Miami didn’t disappoint.
Between 10 p.m. and midnight Friday, Walsh’s 22-person Forward Surgical Team, practicing at Miami’s Ryder Trauma Center, handled a pedestrian hit by a car; a young woman knocked unconscious when she fell out of a fast-moving golf cart; a Key Largo biker who ran into a car; a 90-year-old man found face down in his room; a man stabbed in the thigh; and two Miami-Dade police officers in a car crash, one of whom had to be extricated by the Jaws of Life.
“We might get three or four traumas in a week in Scotts Bluff,” Walsh, an Army major, said. “You guys get it all.”
That’s why the 948th Forward Surgical Team, based in Smithfield, Mich., is putting in two weeks of last-minute team training in Miami.
It might seem a dubious civic distinction.
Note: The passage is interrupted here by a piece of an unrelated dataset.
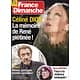 FRANCE DIMANCHE n°3622 29/01/2016  Céline Dion/ Johnny Hallyday/ Anny Duperey/ Omar Sy/ Garou/ Madame Claude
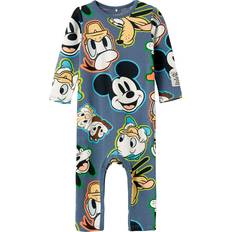 Jersey Jumpsuits Name It Disney Mickey Mouse Bodysuit - Bluefin (13219620)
The Army has chosen the Ryder Trauma Center at the University of Miami/Jackson Memorial Medical Center to train military surgeons, registered nurses and medics bound for Iraq or Afghanistan. It’s because of the center’s excellent reputation — and the likelihood that Miami will provide a big range of trauma on which to practice.
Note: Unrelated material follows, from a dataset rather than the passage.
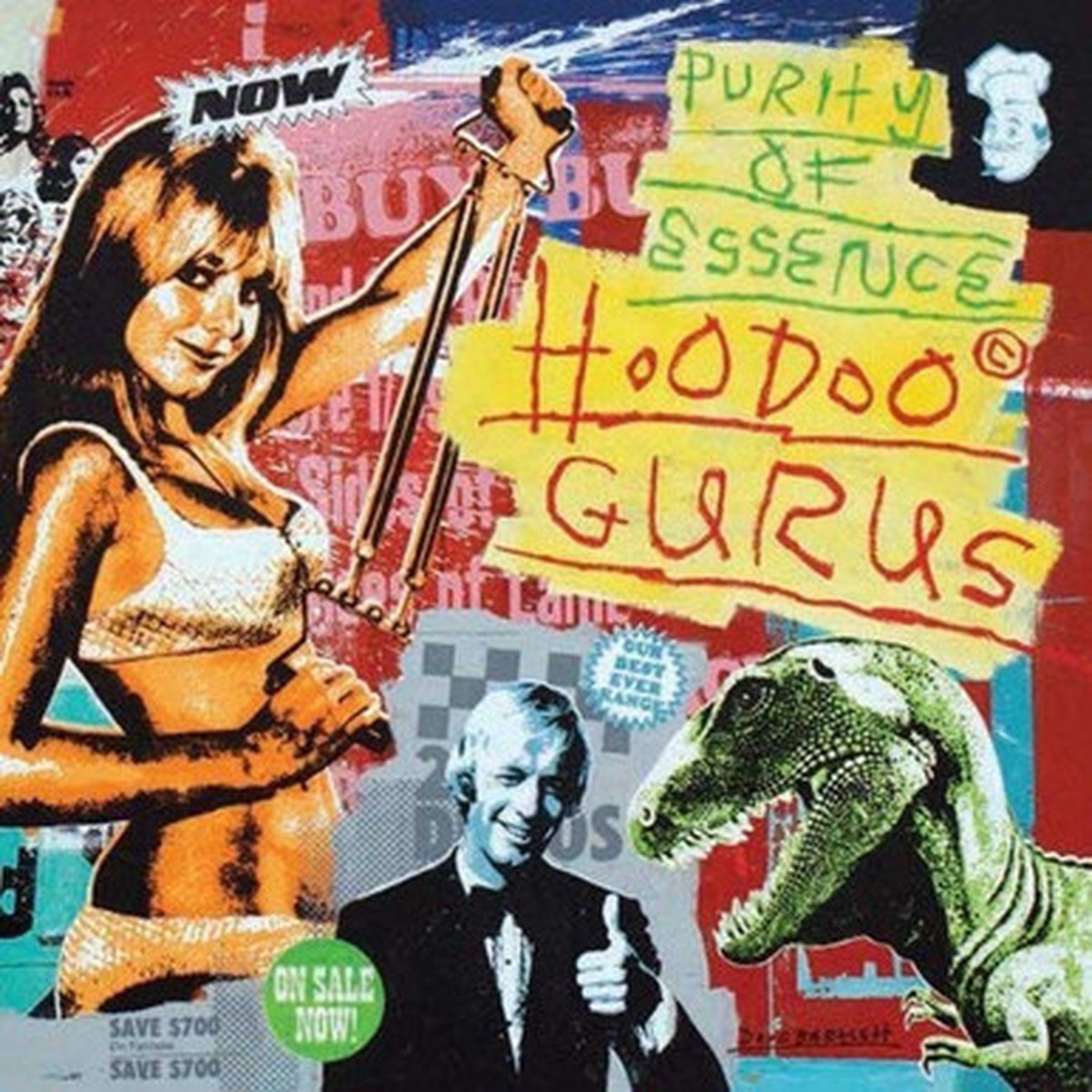 Hoodoo Gurus - Purity Of Essence (2LP) - Red Vinyl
“It has the mix we need — penetrating traumas and blunt traumas, gunshots, knives,” said Donald Robinson, assistant professor of surgery at the University of Miami Miller School of Medicine and a U.S. Army lieutenant colonel on active duty. “We see 4,000 major traumas a year here; it’s one of the busiest centers in the U.S.”
REAL IS ‘BETTER’
In two intense weeks at Ryder, the team gets classes, clinical work and simulated combat surgery scenes, including lifelike mannequins covered in “moulage,” or fake movie blood, a nursing staff yelling at them and stereo speakers blaring battle sounds from Mel Gibson’s 2002 movie We Were Soldiers.
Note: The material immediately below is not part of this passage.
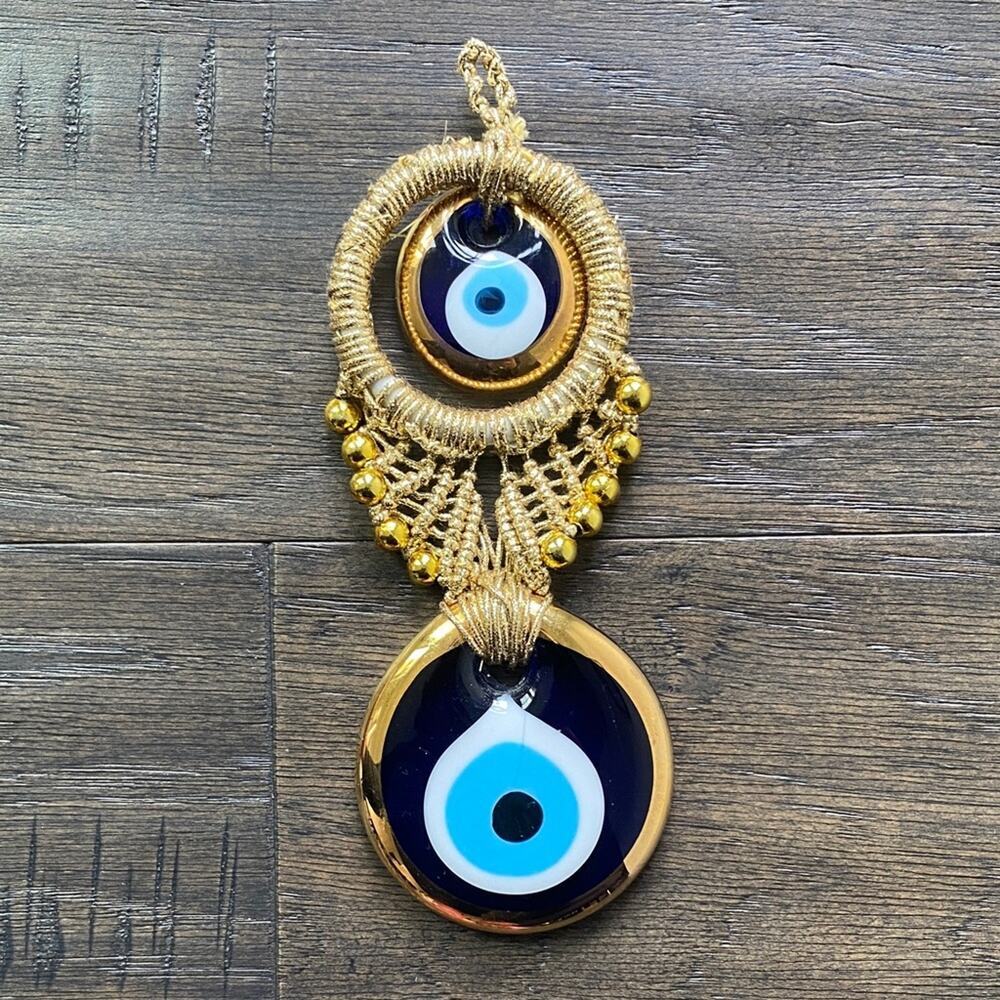 Evil Eye Wall Medallion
“But the real patients are better,” Robinson said. “Being able to touch real tissue, being put under stress. What we see in Iraq is polytrauma — blunt trauma, blast penetration, flash burns, metal fragments.”
The 948th Forward Surgical Team is a U.S. Army Reserve unit made up mostly of men and women with medical backgrounds, although nothing compared to what they will face in Iraq. Its leader, Lt. Col. Robert Monson, is a nurse anesthetist in Provo, Utah, usually handling dental and cosmetic cases; Staff Sgt. Johann Worch, the unit’s administrator, copes with knee abrasions and head lice as a school nurse in Franklin County, Ohio.
They get Army medical training during the one weekend a month and two weeks per summer they spend on active duty as reservists. They have come together here as a unit to learn the teamwork they will need in Iraq. Their team will go into combat with an Army brigade there, often directly under fire, setting up operating rooms in tents.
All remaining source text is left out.